There are numerous reasons why photographer Alex Prager has gained such success and adoration, but one standout factor is her ability to make viewers see the world for its busy but dressed-up glory. She does so by setting a scene, something similar to daily life but eerily unfamiliar. The photographer creates sets to do this, but it’s a set you’d unknowingly walk past, a bus stop or a cinema crowd cast full of friends, family and the famous. It’s this mix of the real and the staged that’s seen curators at the world’s largest galleries fall for Alex, alongside the rest of us. You can’t help but stop and stare at an image by Alex Prager.
Besides the final photographs, the films and the exhibitions, what’s always intrigued me about Alex is her career trajectory. Photography wasn’t a natural pathway for her. It wasn’t a talent encouraged when someone saw some amateur snaps she’d taken, but a defiant decision as a creative outlet.

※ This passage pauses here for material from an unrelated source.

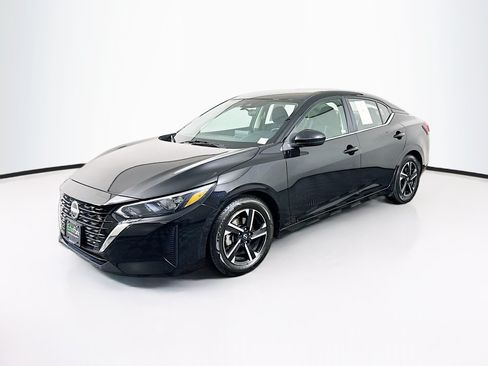 Used 2024 Nissan Sentra SV FWD image 3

“I’d been working three jobs,” Alex tells It’s Nice That, the day before her mid-career retrospective is to open at London’s Photographers’ Gallery. “I was a receptionist and I was working in a clothing store; on the weekends I’d pass out flyers for clubs to earn money. I was noticing that no matter how hard I worked as a receptionist, I’d always get paid the same amount and that really frustrated me. Even if I didn’t work very hard for two weeks I’d still get the same paycheck as when I was trying to be innovative, creative. When I realised that, I always kind of knew that there was something bigger for me to do because I always had a lot of energy. I needed a place to funnel it and I knew it was going to be a creative field…somewhere.”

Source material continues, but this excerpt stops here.